4:40 – Sanctifying the World: The Augustinian Life and Mind of Christopher Dawson
Tomorrow is the feast of St. Augustine and so today we look at the Augustinian life and mind of the great English historian and Christian Humanist Christopher Dawson. He stood at the very center of the Catholic literary and intellectual revival in the four decades preceding Vatican II. T. S. Eliot considered him the foremost thinker of his generation, and the founder of American conservatism. A revival of interest of Dawson and his body of work has increased dramatically in the last years of John Paul II’s and the beginning of Benedict’s pontificates. Brad Birzer has written the first critical study of Dawson’s life and thought as a whole. He joins us.
5:00 – The “R” Father: 14 Ways to Respond to the Lord's Prayer
How of ten do we view the Our Father only as a series of petitions rather than as a way to the heart of our heavenly Father? Popular Catholic author Mark Hart says that the prayer Jesus gave us is a "reactionary" prayer - one that calls for a response from us. As he reflects on each of the words and phrases of the Our Father, he emphasizes the intimate relationship that God desires to have with us.

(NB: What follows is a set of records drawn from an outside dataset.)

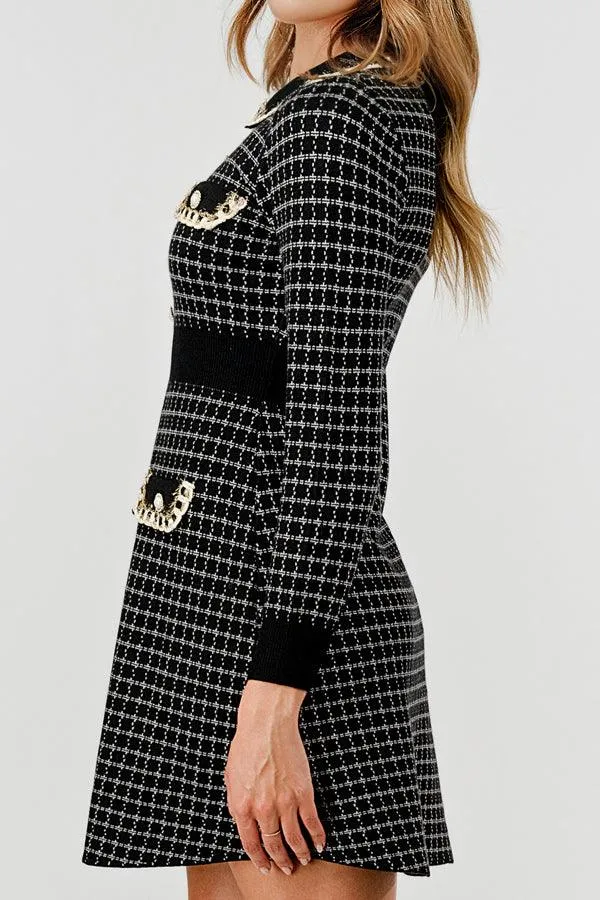 Plaid Knit Sweater Dress with Embellishment DBLD4030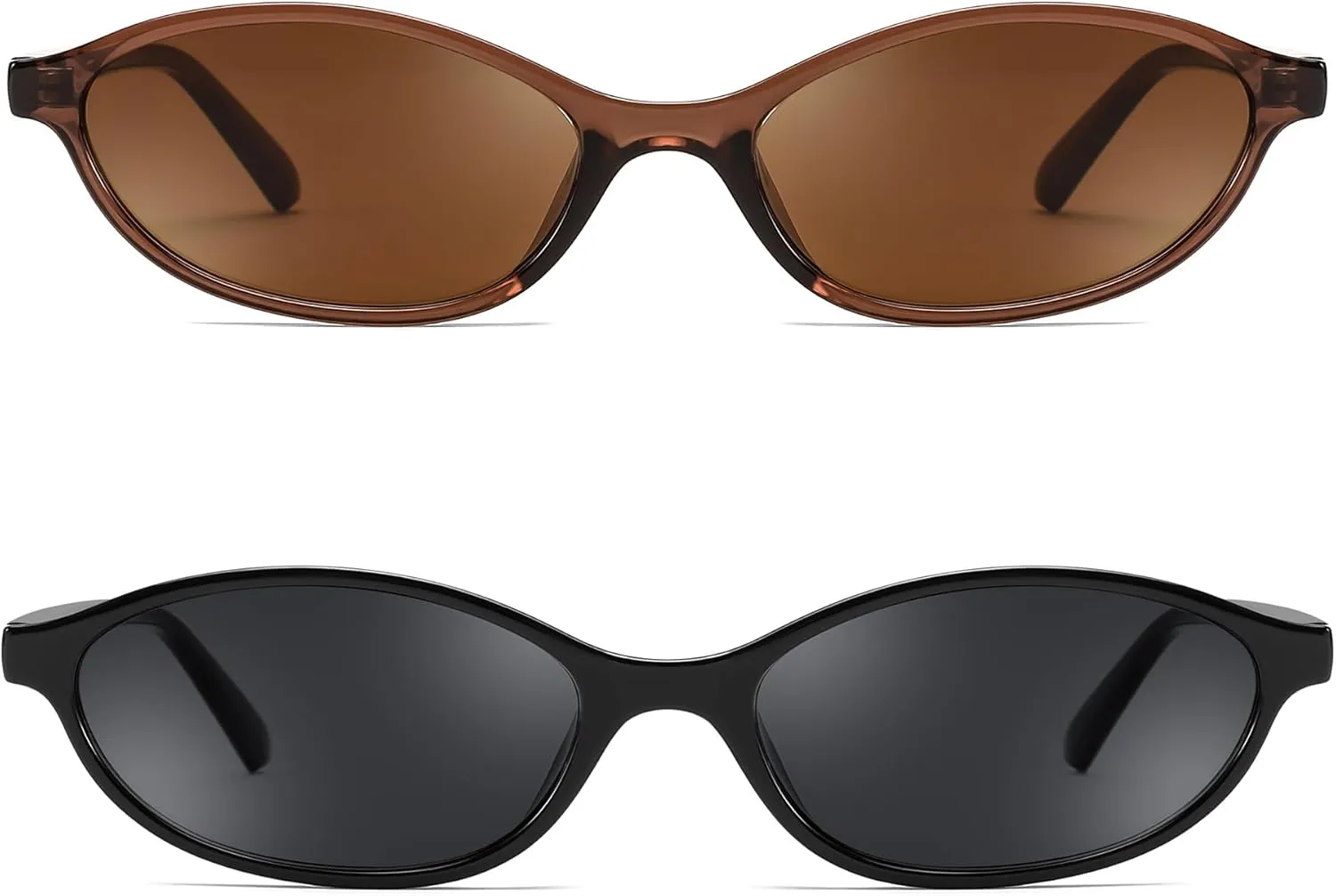 FEISEDY Retro Oval Cat Eye Sunglasses for Women 90s Narrow Lightweight Shades Y2k Trendy Sunnies B0257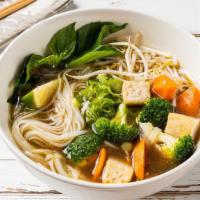 Greenie Veggie Pho Noodle Soup · Mixed vegetables. Served with vegetarian broth soup, onions, scallions, and lemon, basil and...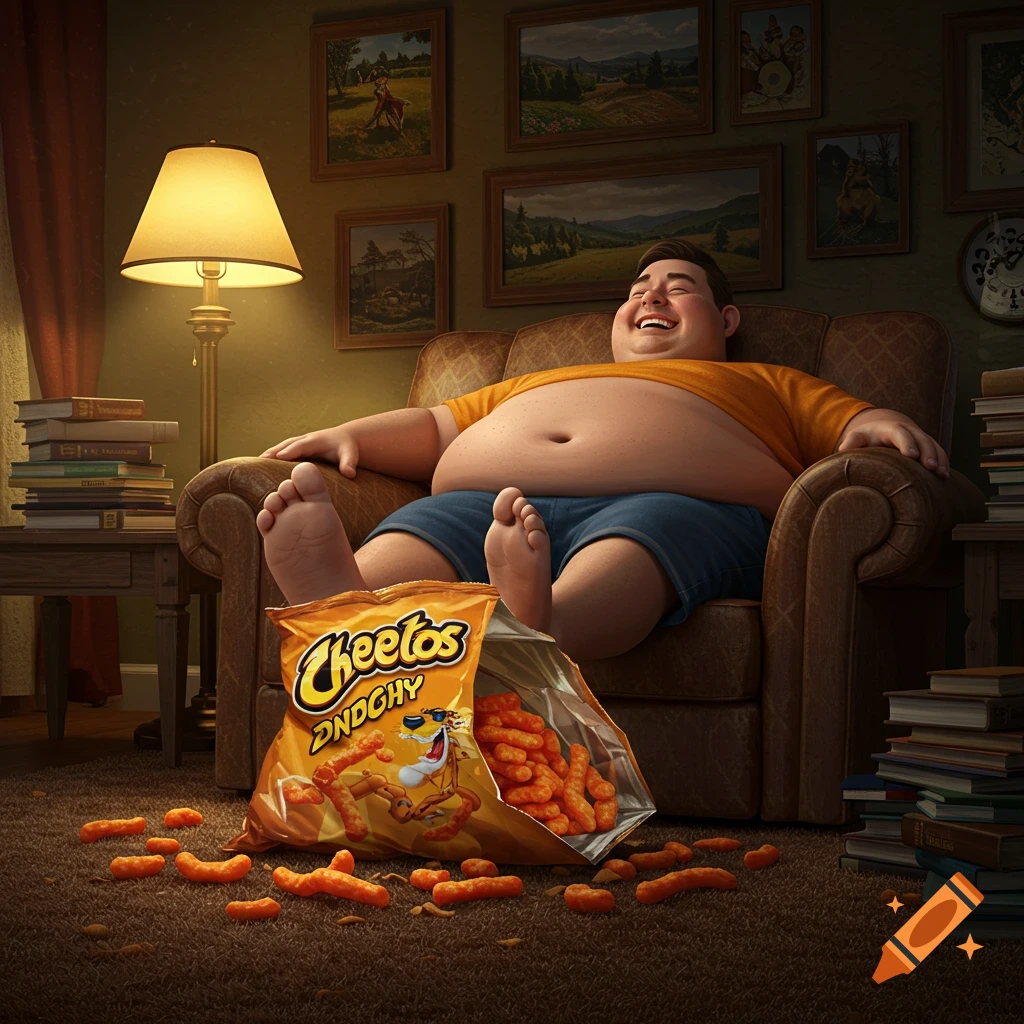 A cartoonish, overweight man happily relaxes in an armchair with his feet in a bag of Cheetos, some spilled on the floor in a warm, detailed room.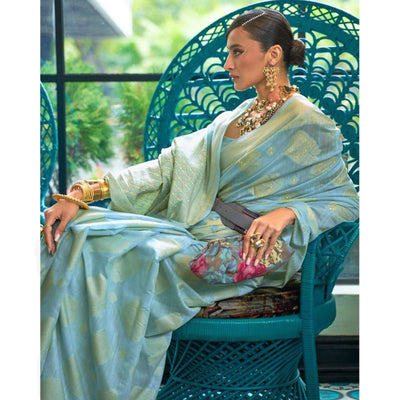 Blue Woven-Sequins Handloom Silk Saree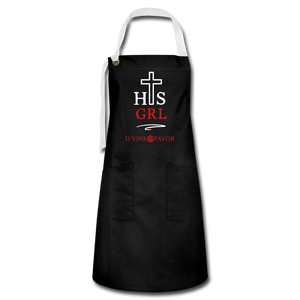 His Girl - White/Red Artisan Apron - black/white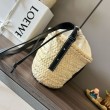 Loewe Drawstring Bucket Borse Imitazioni Palm Leaf e vitello nera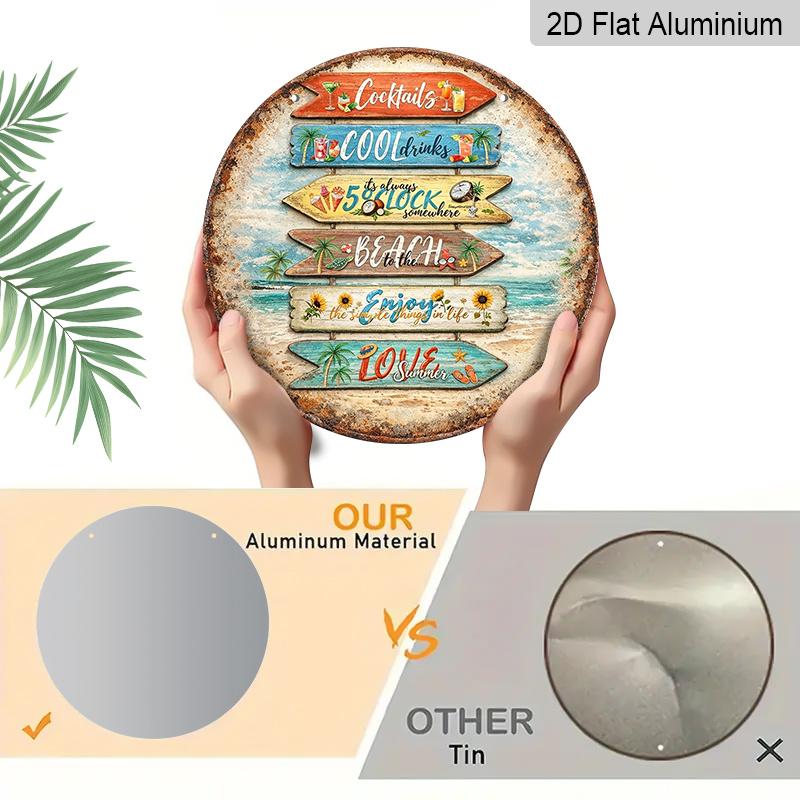 2D Flat, 1pc Round Aluminum Hanging Sign, "Cocktails Cool Drinks 5 O'Clock Somewhere" Tropical Beach Directional Wall Art, Vintage Summer Beach Bar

5:40 – The Greatest Mother / Son Team Since Mary and Jesus
Tomorrow we celebrate the feast of one of the greatest Saints the Church has ever known and today we celebrate the feast of his mother who’s fidelity in prayer was responsible for it all. It is of course Sts. Monica and Augustine. Augustine was born in a Roman province and educated at Carthage. As a young man he became interested in philosophy, with little interest in Christianity until a profound experience in his early thirties. By 396 he had become bishop of Hippo, and his sermons and writings gained fame, notably his Confessions and the treatise City of God. His notions of God's grace, free will and Original Sin have had an unmatched influence on Christian theology. Augustinian philosopher Dr. Barry David joins us.